Your goal :: In the material below, begin at the line that has "a building on", stop after the line that has "DAXUEN black oversized", and transcribe those lines exactly, without pictures.

Available records ::
^^^^^^^^^^^^^^^^

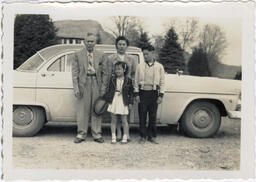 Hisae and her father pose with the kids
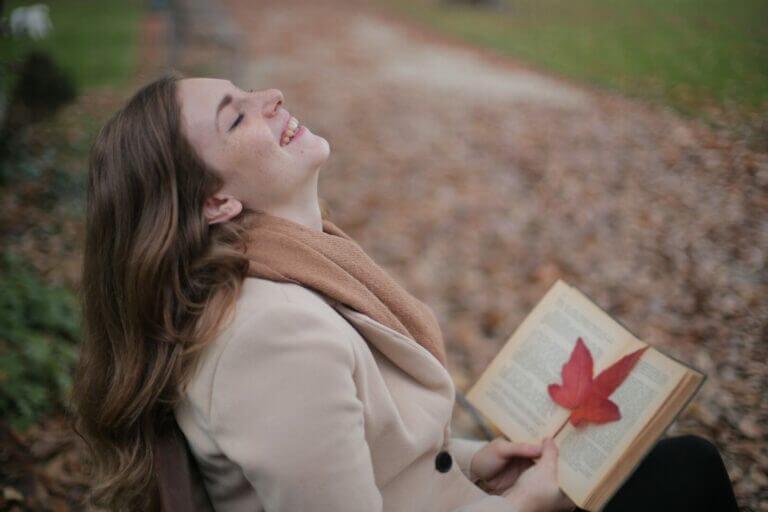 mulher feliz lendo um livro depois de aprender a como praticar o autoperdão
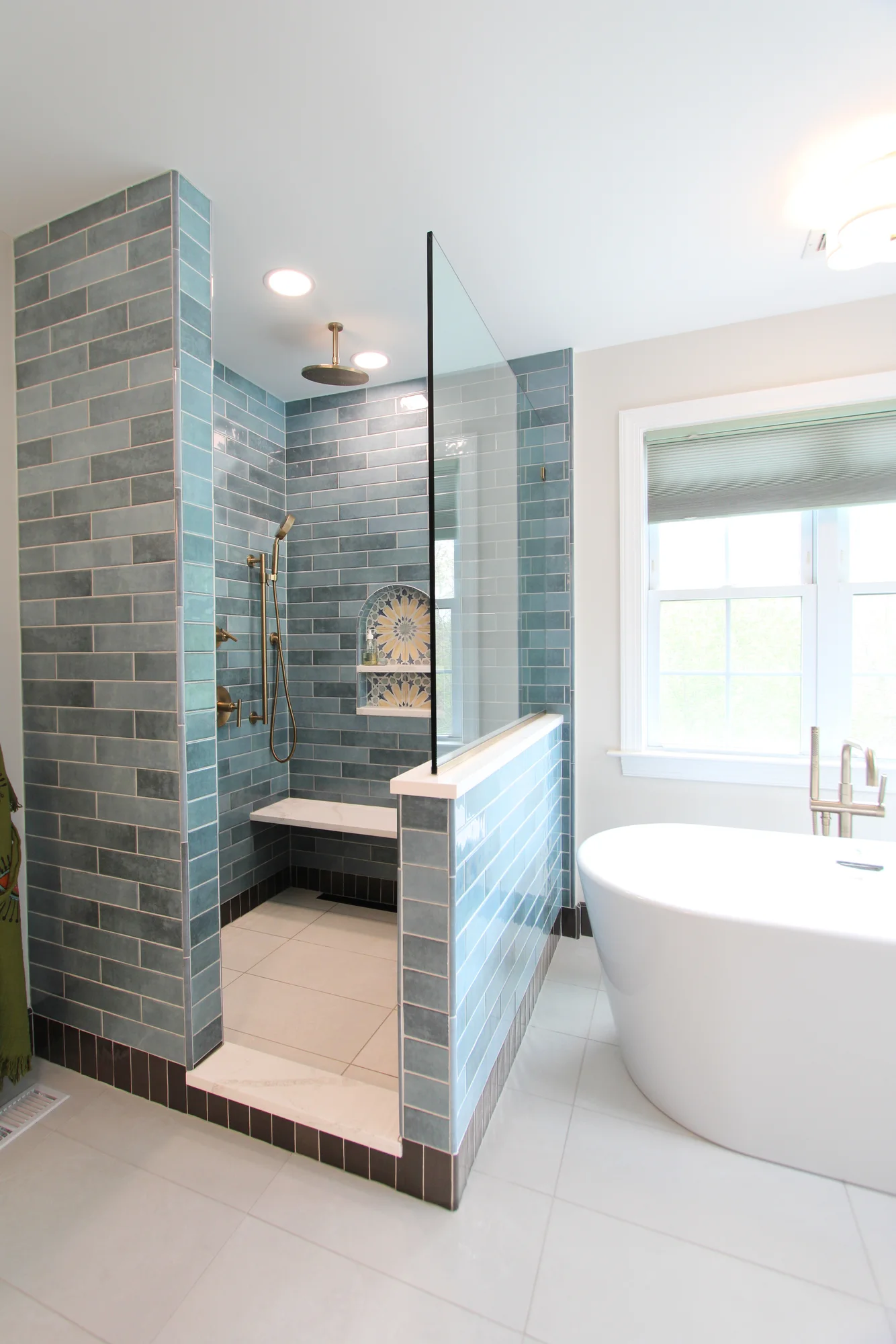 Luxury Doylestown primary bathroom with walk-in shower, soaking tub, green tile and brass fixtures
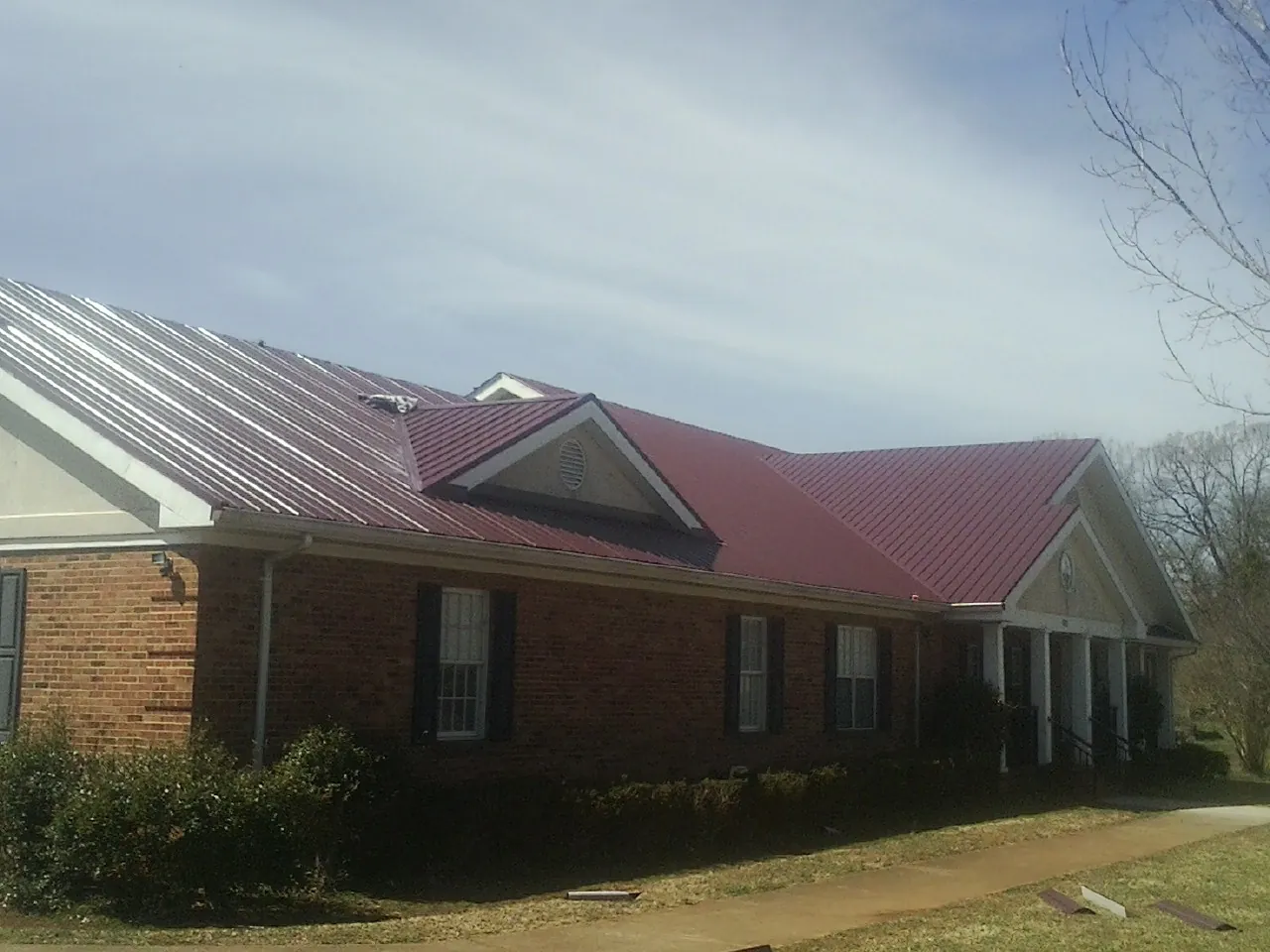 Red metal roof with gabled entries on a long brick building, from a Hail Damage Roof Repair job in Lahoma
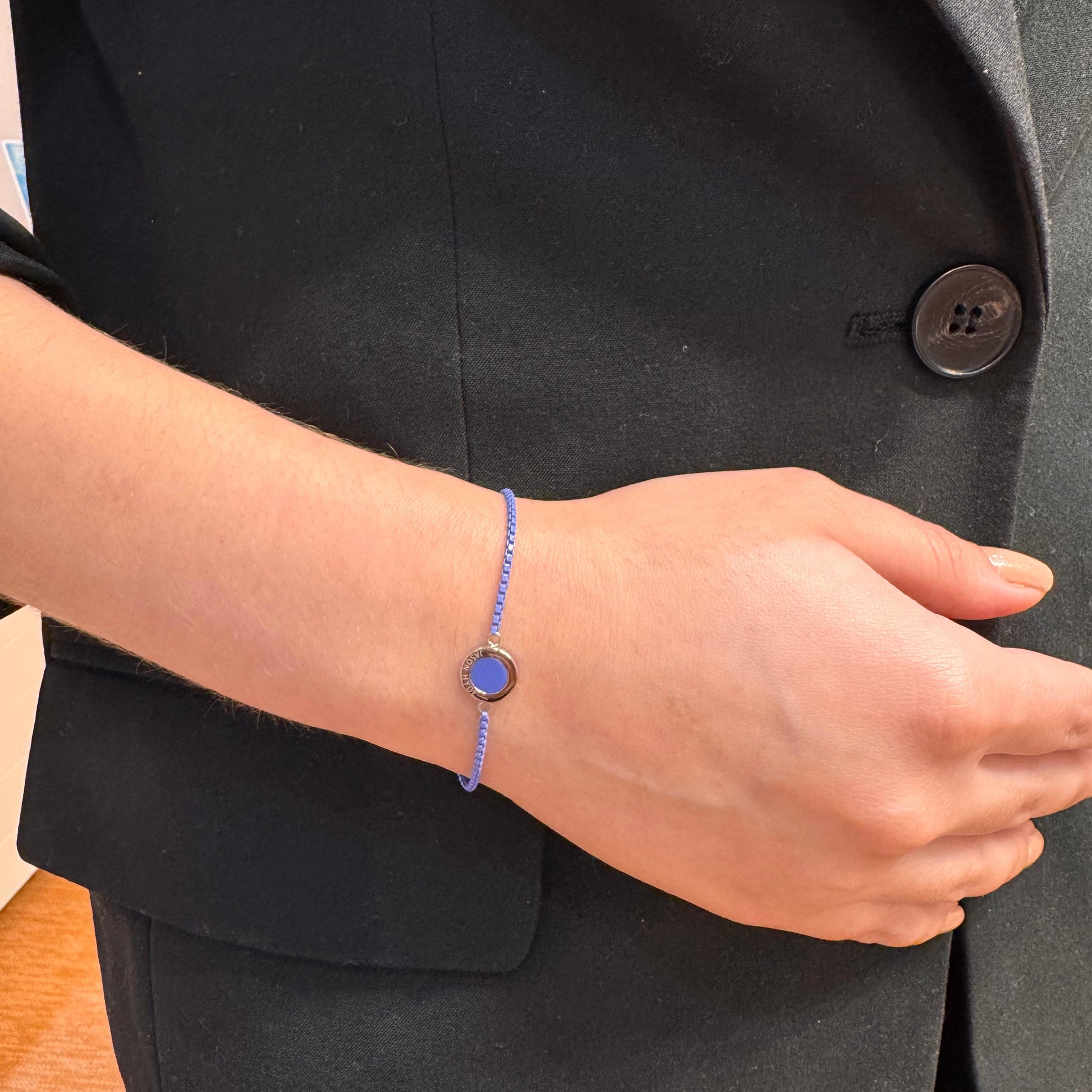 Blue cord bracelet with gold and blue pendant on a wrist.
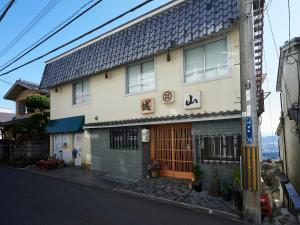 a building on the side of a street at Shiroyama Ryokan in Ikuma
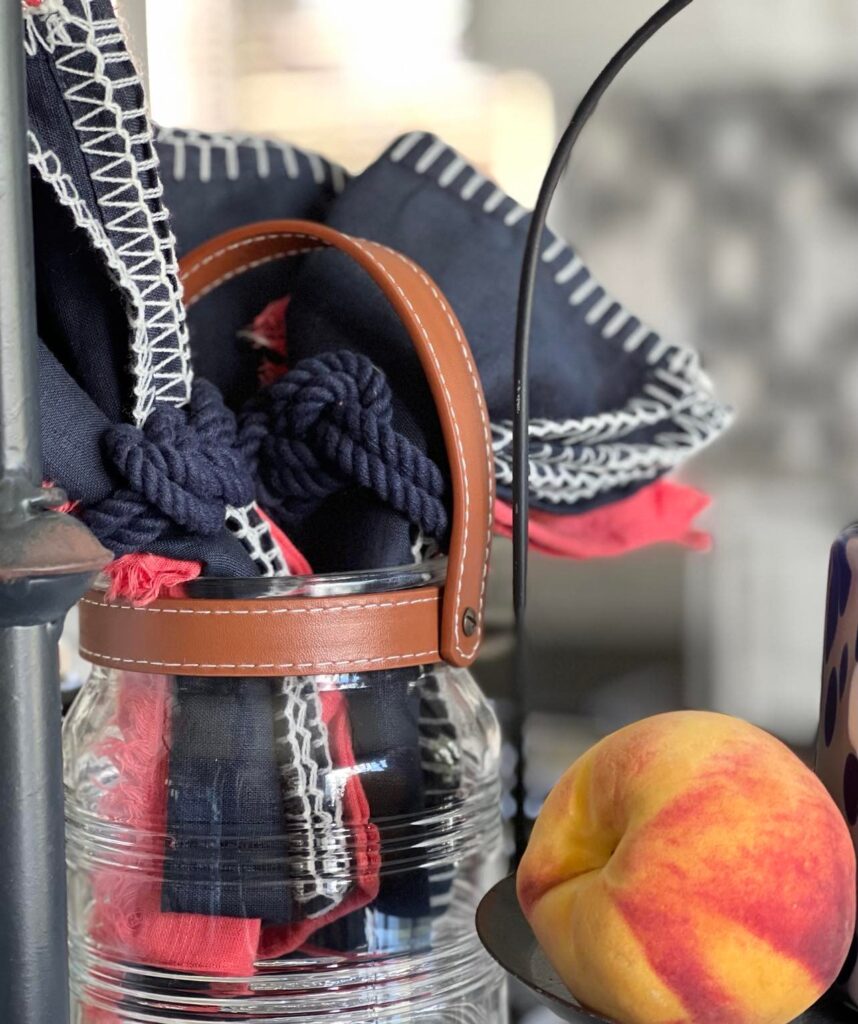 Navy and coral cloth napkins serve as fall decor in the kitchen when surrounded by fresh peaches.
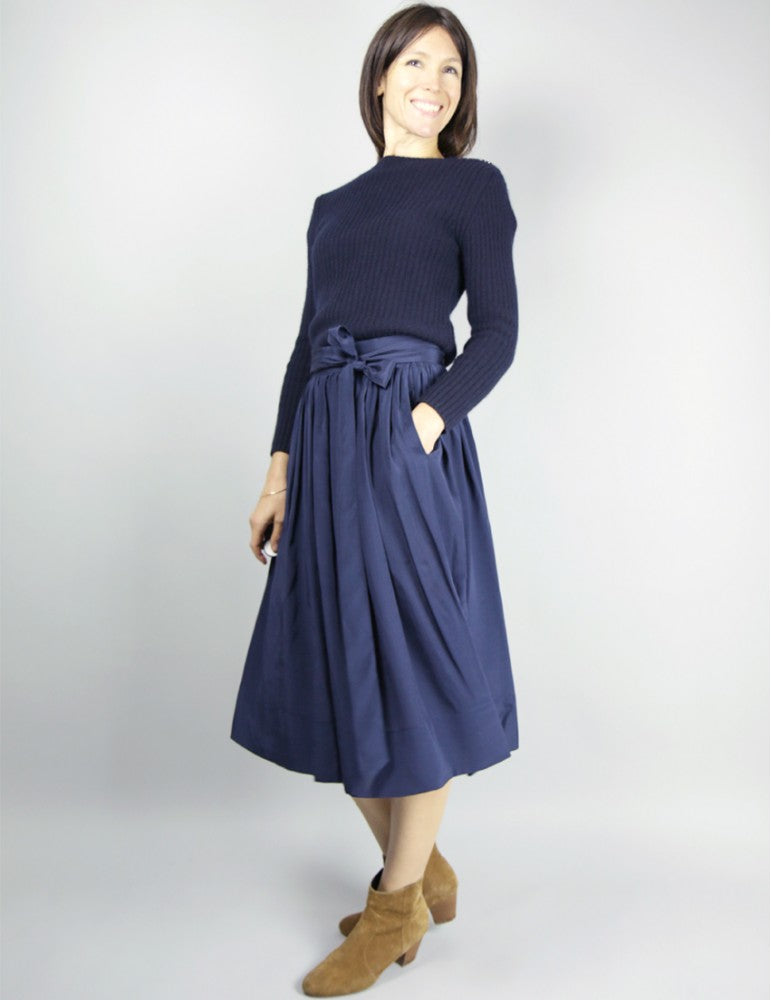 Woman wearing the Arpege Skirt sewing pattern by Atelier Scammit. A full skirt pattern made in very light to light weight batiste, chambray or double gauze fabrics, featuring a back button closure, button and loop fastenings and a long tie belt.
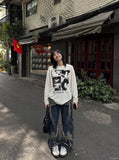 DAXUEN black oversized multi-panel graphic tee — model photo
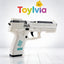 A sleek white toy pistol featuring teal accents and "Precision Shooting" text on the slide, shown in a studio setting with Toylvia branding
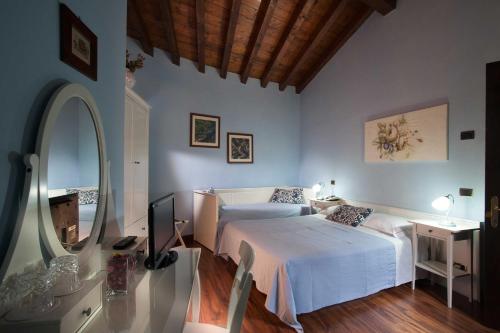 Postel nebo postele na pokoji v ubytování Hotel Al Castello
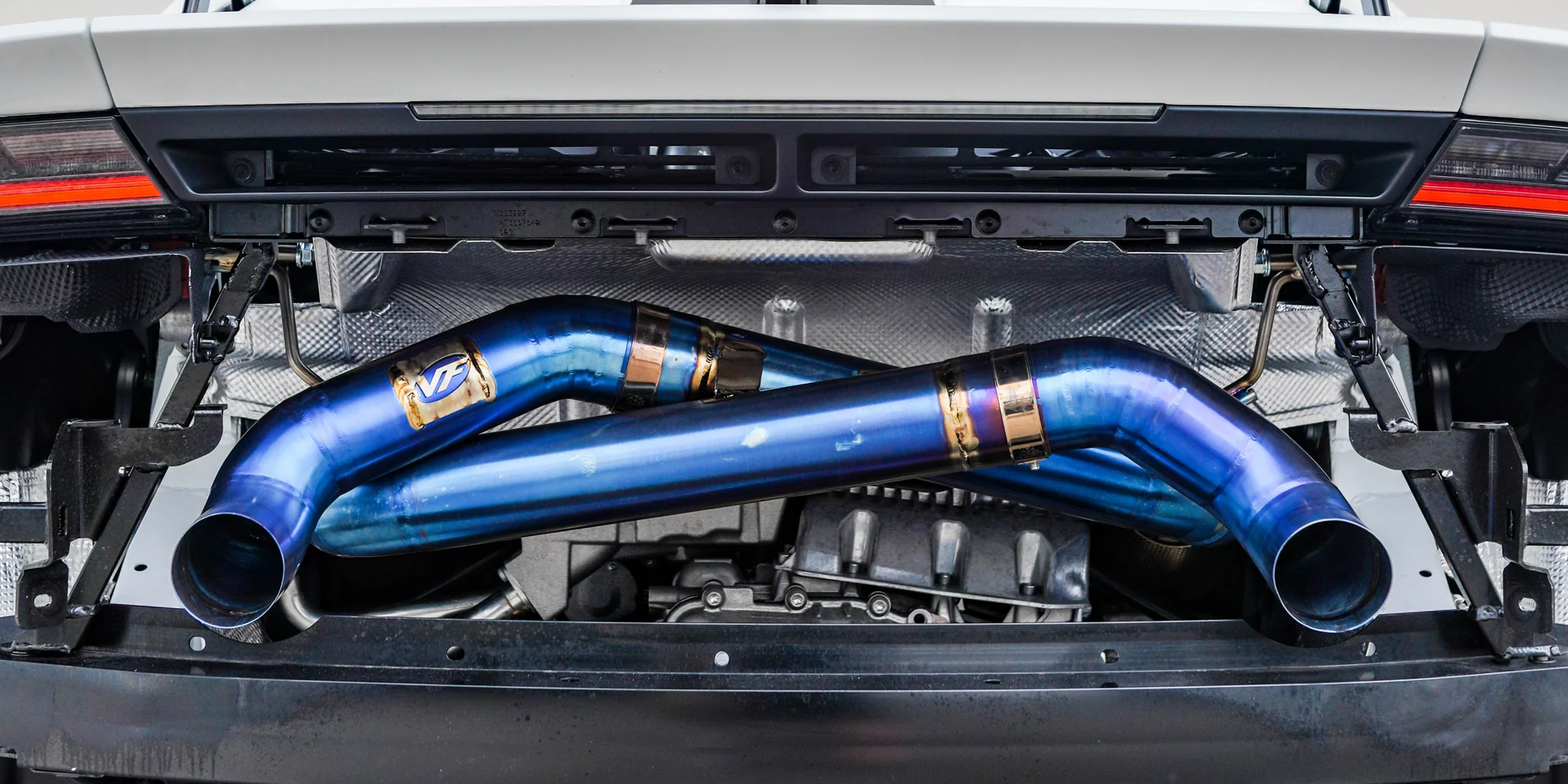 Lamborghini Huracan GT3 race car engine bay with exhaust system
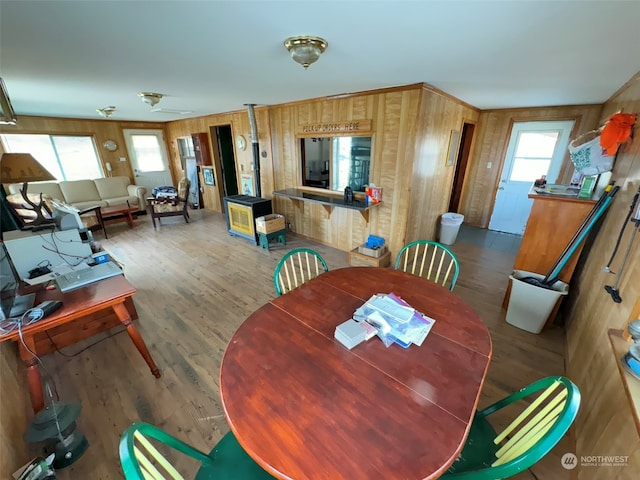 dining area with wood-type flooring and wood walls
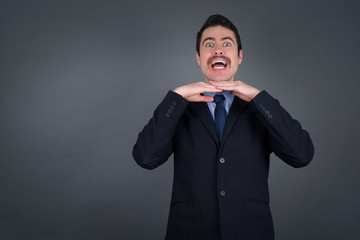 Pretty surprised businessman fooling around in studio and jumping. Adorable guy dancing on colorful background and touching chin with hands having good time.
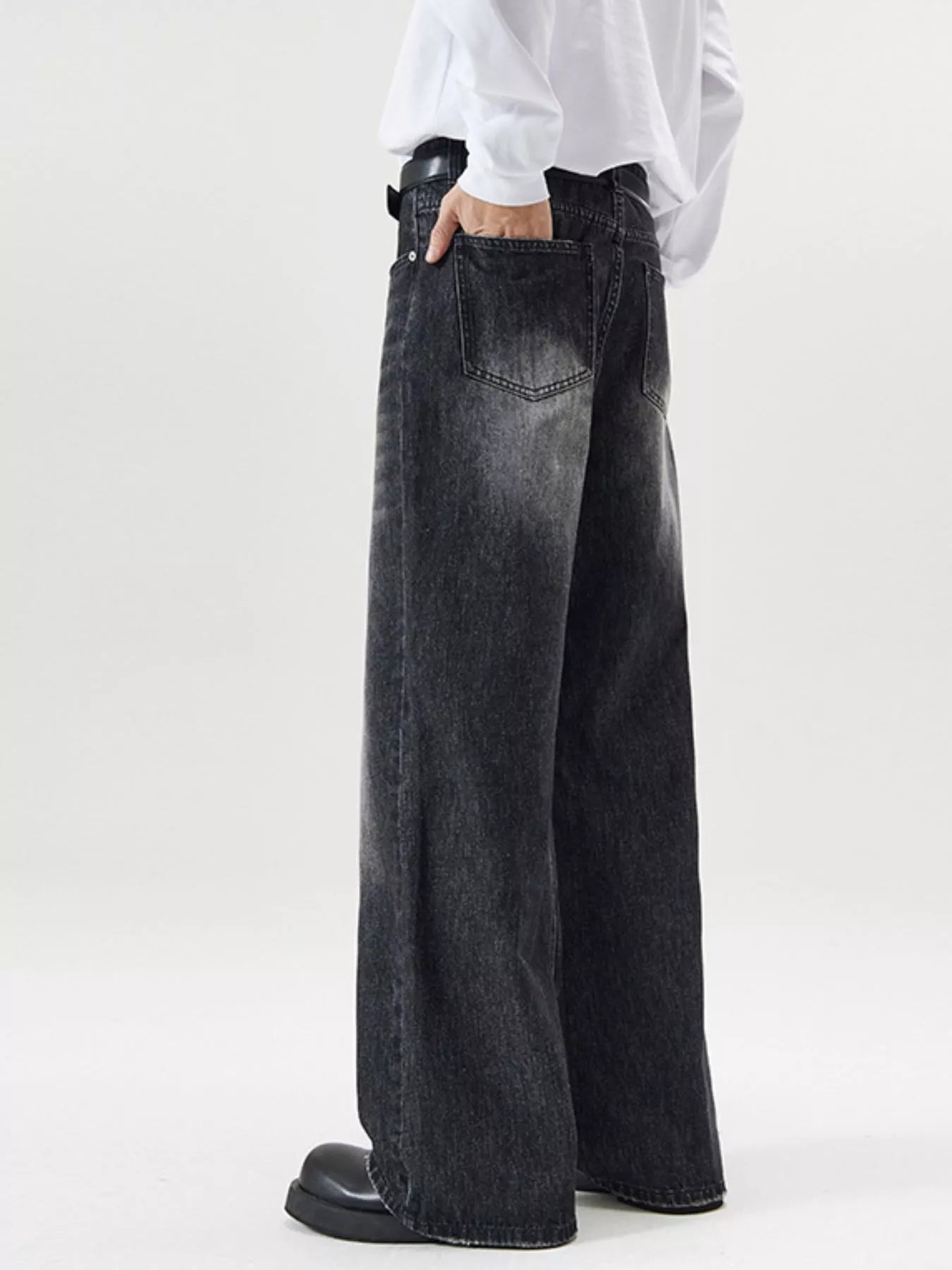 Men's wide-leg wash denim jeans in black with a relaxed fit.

^^^^^^^^^^^^^^^^

Answer area ::
 a building on the side of a street at Shiroyama Ryokan in Ikuma
 Navy and coral cloth napkins serve as fall decor in the kitchen when surrounded by fresh peaches.
 Woman wearing the Arpege Skirt sewing pattern by Atelier Scammit. A full skirt pattern made in very light to light weight batiste, chambray or double gauze fabrics, featuring a back button closure, button and loop fastenings and a long tie belt.
 DAXUEN black oversized multi-panel graphic tee — model photo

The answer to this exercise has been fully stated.